Mais la période viking est aussi fondatrice dans l’histoire de la Scandinavie. Pendant ces quatre siècles, la région passa de nombreuses seigneuries rivales à l’ébauche des trois royaumes que l’on connaît : Suède, Norvège, Danemark. Sans doute faut-il y voir l’importation de modes de gestion politique observés dans une Europe administrativement plus développée. C’est aussi la période pendant laquelle la Scandinavie vécut un tournant majeur : la conversion au christianisme et l’abandon progressif de cultes anciens, à commencer par celui de Thor, le puissant et coléreux fils d’Odin, dieu principal de la mythologie nordique. Une conversion opportuniste le plus souvent : le christianisme jouissait, par association avec les rois de France ou d’Angleterre, d’un plus grand prestige que les anciennes croyances. Les chefs vikings en profitaient pour s’attacher leurs vassaux, avides d’en recueillir les fruits.

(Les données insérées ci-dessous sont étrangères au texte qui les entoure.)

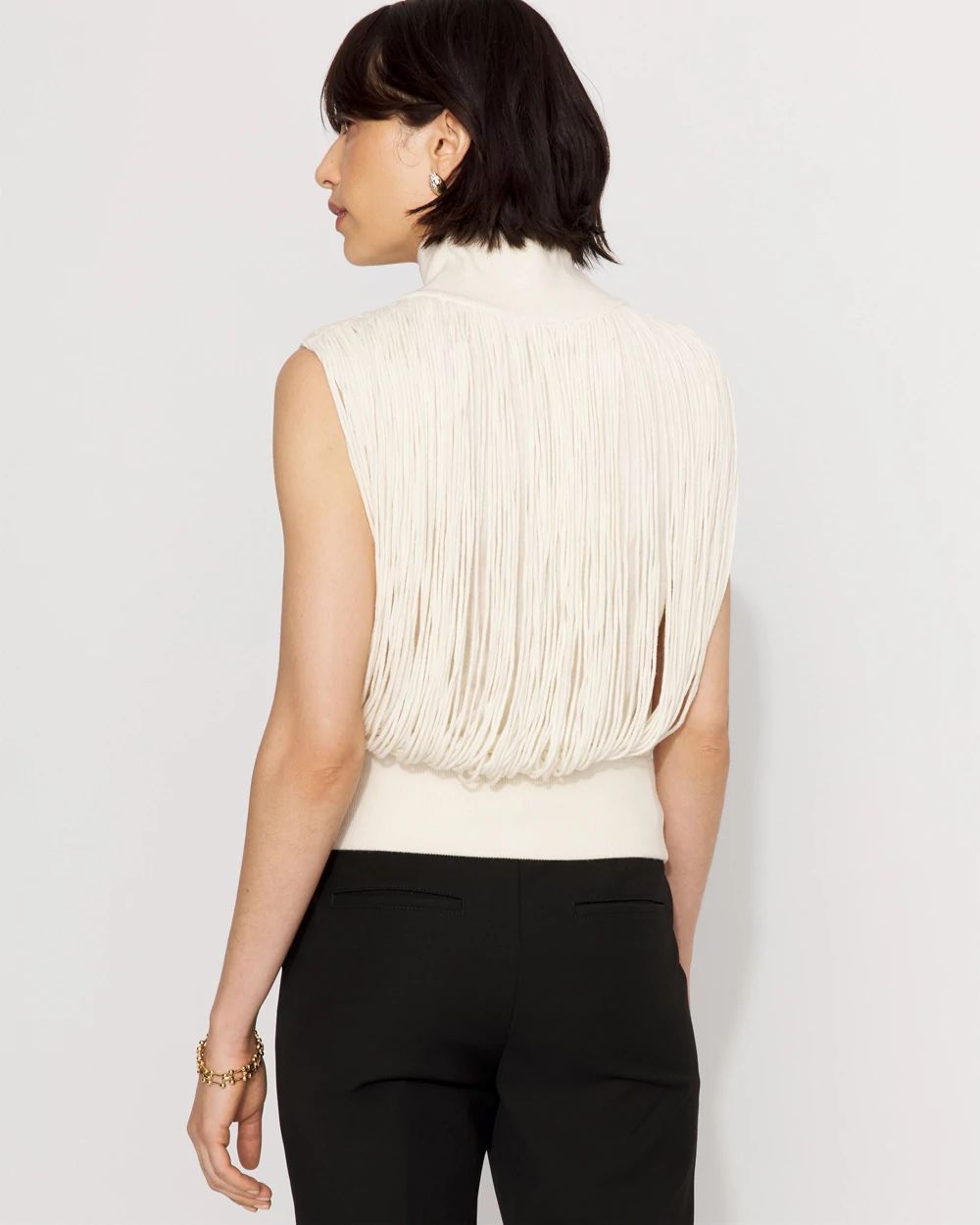 Fringe Mockneck Sweater Vest | White House Black Market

Reste une question : pourquoi, à la fin du xie siècle, les Vikings ont-ils cessé leurs raids? Deux raisons : d’abord les royaumes européens avaient pris des mesures de protection qui rendaient ceux-ci plus risqués, et les rois scandinaves commencèrent à empêcher ces pratiques qui pouvaient enrichir des rivaux. Ils préférèrent diriger l’agressivité de leurs vassaux vers l’est – les actuelles Finlande, Estonie et Russie –, dans une logique de conquête plus que de piraterie. Ensuite, la collecte de l’impôt remplaça progressivement dans l’élite scandinave la coutume d’aller trouver des richesses au loin. Autant s’enrichir chez soi. Les Vikings, finalement, étaient des gens ordinaires.
DANS LES TOMBES VIKINGS, ON TROUVE EN MASSE DES DIRHAMS ARABES ET PLUS DE DENIERS ANGLAIS QU’ON N’EN A DÉCOUVERTS DANS TOUT LE ROYAUME-UNI.